# Echo CS-3000 Info Needed



## jerry63 (Feb 11, 2009)

I have an Echo CS 3000 Top Handle climbing Saw that is still in unused
condition. I have had it about ten years, bought it new, it has never
been cranked or even had gas or chain oil put in it.

It has been stored inside, controlled temp, collecting dust for those ten years. 
Is there anything that could have deteriorated, ie possible dry rot on any rubber or nylon parts, etc?

As most know, Echo doesn't make this say anymore and I don't know what year this model was discontinued. 
I think it may have been replaced by he CS-360,,, same size engine anyway.

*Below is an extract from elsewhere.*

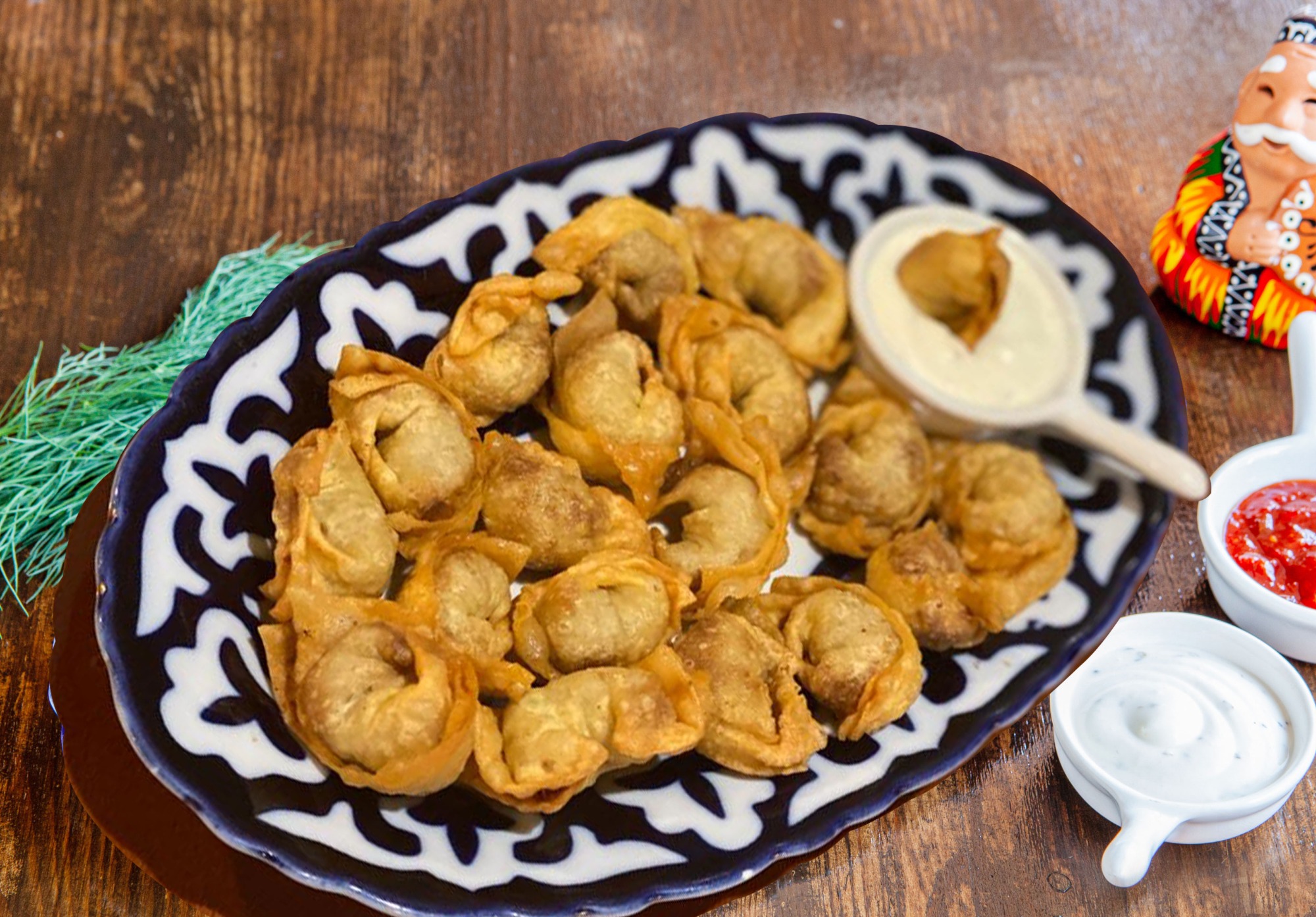 Smażone pielmieni wołowe ze śmietaną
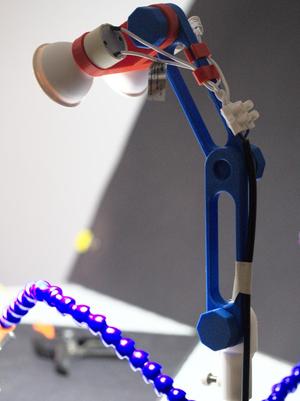 Flash tripod mount for articualted lamp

I am wanting to sell this 10 +/- year old, never used saw locally on Craigslist
but wondering what would be a fair price to ask. 
I think the model CS-360 sells for about $200+tax at HD. 

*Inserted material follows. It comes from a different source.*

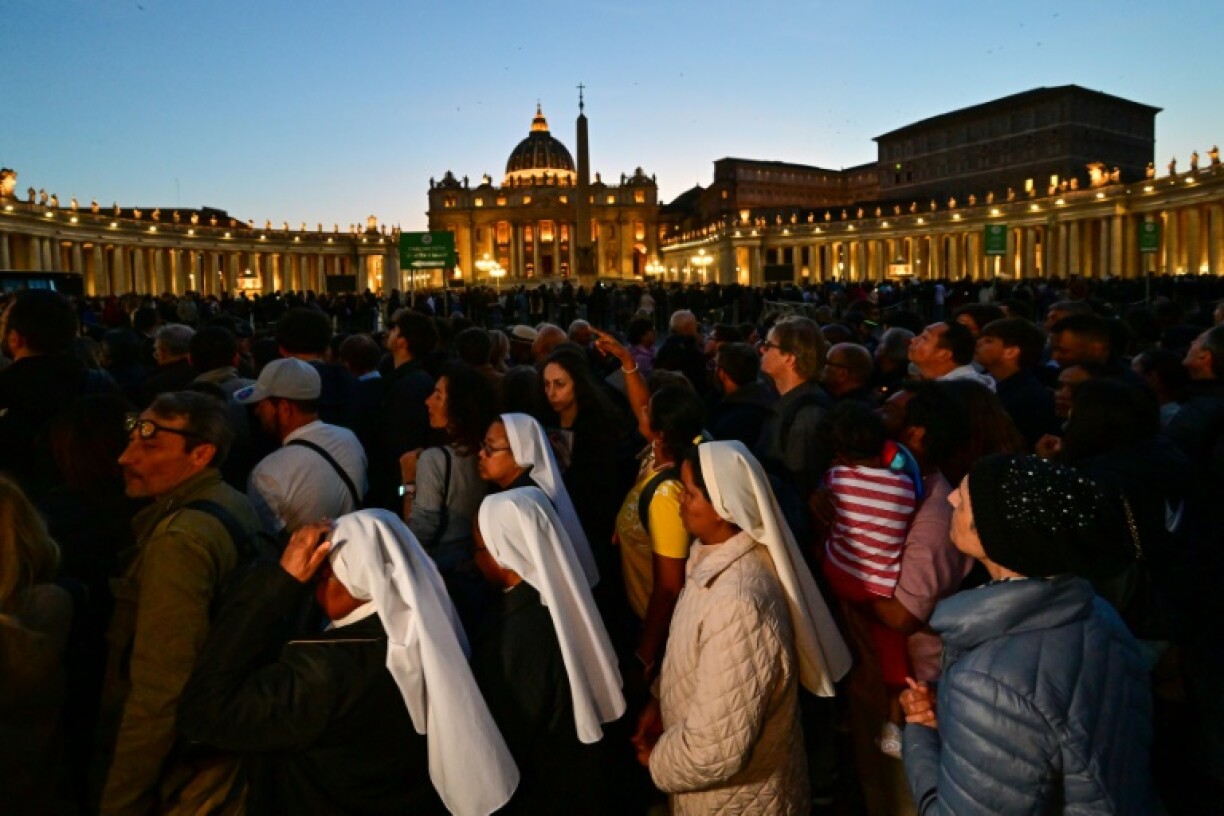 The lying in state was extended to 5:30 am instead of its originally midnight closing time
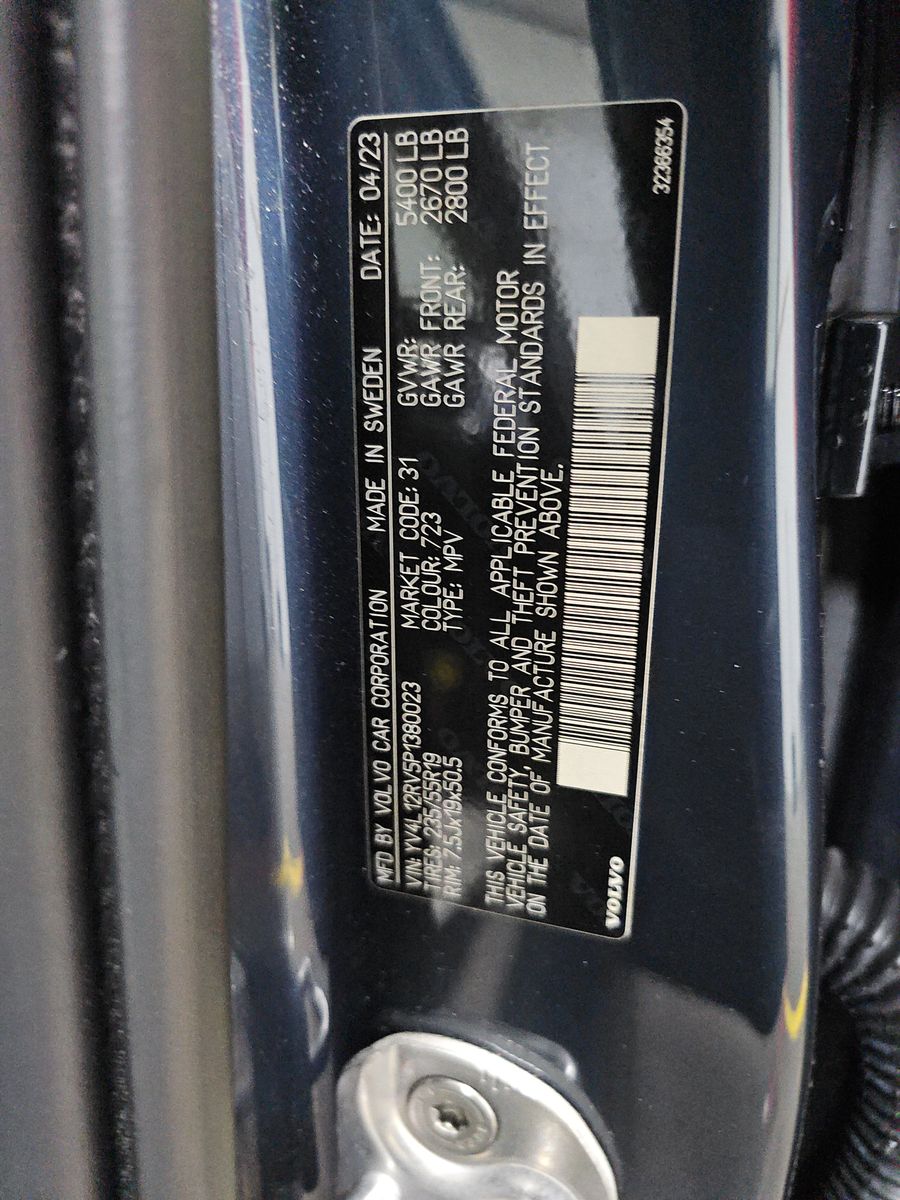 2023 Volvo XC60 B5 Core AWD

Thanks ahead for any advice on a fair price to ask for this mint nos saw.

jerry


----------



## jerry63 (Feb 11, 2009)

*Ooops, wrong forum*

I think I should have posted my Echo 3000 question at another forum.

My apologies
jerry


----------



## Small Job Tim (Feb 11, 2009)

*3000*

how much are you thinking of selling this saw?? How heavy is it??


----------



## wahlturfcare (Feb 11, 2009)

before running it, i would pull the air cleaner cover off and feel the hoses if you can to see if they are hard, check the plug for to see if it is still clean or not. then try to start it with fresh gas.
Being a older saw you might ask up to half price as thats what newer ones bring on Ebay. look it up on ebay and ones of the samm cc's to see what they bring.
Do you have any pictures of it? I may be interested in it if you would want to ship.


----------



## jerry63 (Feb 11, 2009)

Before posting here I did go to Ebay and found a couple of saws
like mine in the completed items. One sold for $111 and the other
for $137.50. Both of those appear to be in good shape but have definately been used.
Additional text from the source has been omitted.